Moments after her latest hard-luck Olympic loss, she overcame a slow start and dominated the field in what they call the Small Final — the race that decides seventh place.

Jacobellis now has second-, fifth-, and seventh-place finishes in her three Olympic trips. Yes, it keeps getting worse.

Her first Olympic loss, eight years ago in Italy, was a sheer matter of showboating. Out in the clear with two jumps left, she tried a showy grab of her board and tumbled, then got passed for the victory and held up for ridicule in some corners, derision in others.


Four years ago in Vancouver, she collided with Canadian Maelle Ricker, the eventual winner, on an early turn in the semifinal round. That put her off balance and she couldn’t regain control before she rode completely off course. She won the consolation heat — then a four-woman race — that day, as well.

This time, it was a cruel melding of human error and the randomness of snowboardcross that combined to ruin her day.

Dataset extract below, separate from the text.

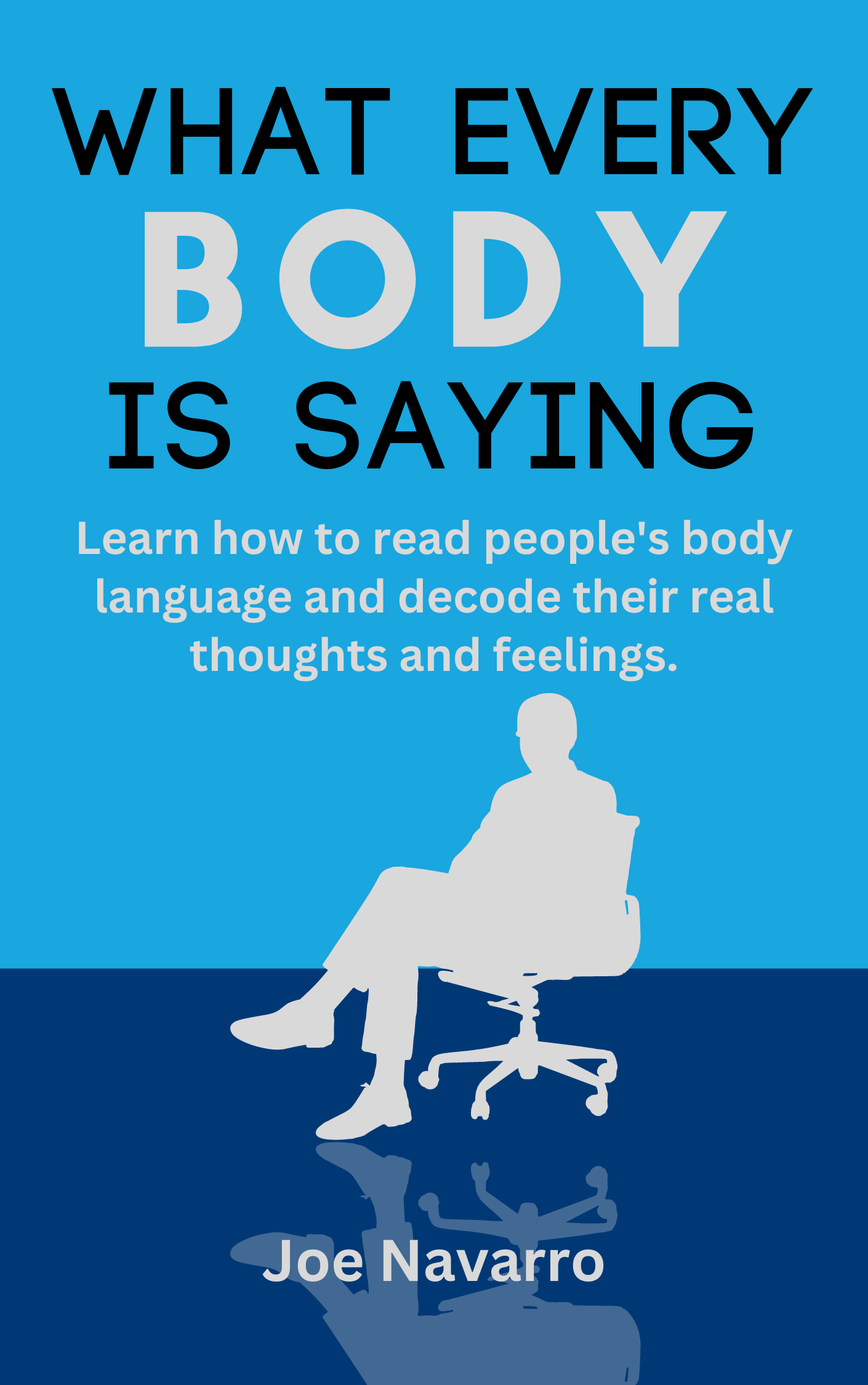 What Every BODY is Saying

Jacobellis, 28, was well in the lead when she headed into the second-to-last turn and set herself up for a set of four gentle bumps — called ‘‘rollers’’ in snowboard parlance. The traffic behind her wasn’t bearing down, but Jacobellis wasn’t sure, so she pushed things as she headed to the corner.

The last roller shot her blindly into the final turn and she lost her balance.

Within seconds, the entire field passed her.


‘‘There’s a lot out there you can’t control, but unfortunately, what I could control today was what didn’t work,’’ she said. ‘‘That’s the unfortunate part.’’

Eva Samkova of the Czech Republic sprinted to gold with three wire-to-wire victories Sunday, the first podium finish in the Olympics by a Czech snowboarder. Canadian Dominique Maltais became the first multiple-medal winner in women’s snowboardcross when she finished a distant second. Chloe Trespeuch of France topped American Faye Gulini for bronze.


Women’s 1,500 meters — The Dutch are just racing themselves at the Olympic speedskating oval in Sochi.

Jorien ter Mors led another Netherlands sweep at Adler Arena, beating favorite Ireen Wust in the women’s 1,500 meters and setting up a shot at becoming the first skater to win medals in both long and short track.

Competing in an early pairing, ter Mors turned in a stunning time of 1 minute 53.51 seconds, an Olympic record and the second-fastest ever at sea level. The only skater to go quicker was Wust at the Dutch Olympic trials in December.

Wust settled for silver this time in 1:54.09, with the bronze going to Lotte van Beek in 1:54.54. If a fourth medal had been available, the Dutch would’ve snatched it, too. Marrit Leenstra finished fourth.

Ter Mors just missed a short track medal Saturday, finishing fourth in the 1,500 at the Iceberg Skating Palace next door. She has another chance in the 1,000, which begins Tuesday.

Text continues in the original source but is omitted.